I give my raid healing team specific assignments but I take care to say "Healer A, you are *primarily* on the boss tank." "Healer B, you are *primarily* on the add tank", etc.
I encourage all healers to intelligently use their mana and heals; to help out other healers when possible and if necessary. Generally, healing someone else's target that's below 50% with a quick small heal is good, their primary healer is likely casting a slow big heal (a la Healing Touch). Healing someone else's target that's at 90% with a quick small heal is bad, as their primary healer is likely already in the middle of their own cast.
As a raid leader, wiping due to healer OOM combined with too much overhealing really frustrates me.
Tigris Aug 28th 2011 6:25PM
This is all true, but of course, you don't want your healers wasting mana either. =]
jdfrost21 Aug 28th 2011 6:37PM
great article
LeftVentricle Aug 28th 2011 6:39PM
And yet, people still act like being a meter-whore while healing is a good thing.
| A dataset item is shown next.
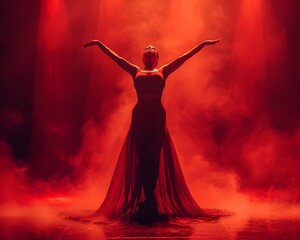 Fototapeta premium Dramatic Dancer Expressing Intense Passion and Emotion on Stage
That whole dps to heal mentality is kinda what burned me out of healing in wrath. My heal team was for the most part immovable, none of them wanted to cooperate, work with their heal assignments or help their fellow raider, they were just there to show off their healing e-peen. There were two others willing to work with me, but in the end the meter padding fools won out. We lost our LK kill before the 10% buff and the guild died.
Our raid's loot was based off of performance (via meters) so the council would literally give loot to the person with the highest healing done, and almost every single fight that was a class with an aoe heal, being the only holy paladin in the raid, my heals were always scrutinized save for a few isolated fights. It's not like they judged me in relation to another holy paladin, or even another raider who was exclusively single target healing. We ended up having our best geared healer being the gms gf (holy priest), then one of our resto druids (guild officer), then our resto shaman (also guild officer), then the rest of the aoe healers, and then finally me (the holy paladin). People really need to get it out of their thick skulls that meters are everything. Shit, they aren't even everything for dps.
I'm not saying this as a butthurt person who never tops meters.
kef_kfb Aug 28th 2011 6:46PM
im sorry but that sounds like a crappy guild bro
DonNochay Aug 28th 2011 7:59PM
Do you like subjecting yourself to idiocy and frustration? This is a continuing trend in WoW: My guild blows, and I hate it, and they have ridiculously backwards rules, but hey, I need dem shiny purps so bad, I'm gonna stick it out.....til the end of time...
But I'll also make sure to publicly bring it up on gaming blog sites......
Russell Aug 28th 2011 8:03PM
It sounds like you were in my guild. Our healers were fucking vicious. They would constantly snipe each others heals to inflate their own numbers. I'm convinced to this day that there was an active conspiracy to make our holy paladin look bad.
WoWie Zowie Aug 28th 2011 10:31PM
that's the most self-serving loot ideology I've ever heard. whoever does the most heals gets the loot? really? in what universe is that fair? taken to the full extent this means that whoever was tops in one night will get the gear and then will have a huge advantage to be tops again the following night.
Sharlatan Aug 29th 2011 6:10AM
leave now. they are retards.
Back in WotLK, I could get 60-70% of the healing back then in a 10man, purely because mana did not matter, I had silly amounts of haste and could spam huge heals practially on the GCD. But you know what? it silly did not make me better or more important than any other healer on the team. That other 30-40% still kills people, even if a healer does only 5% of the effective healing, if it was in the right place, and saved lives, its a good job. And could just mean that another healer is sniping heals.
Killik Aug 29th 2011 6:16AM
That guild died? Sounds like it did you a favour!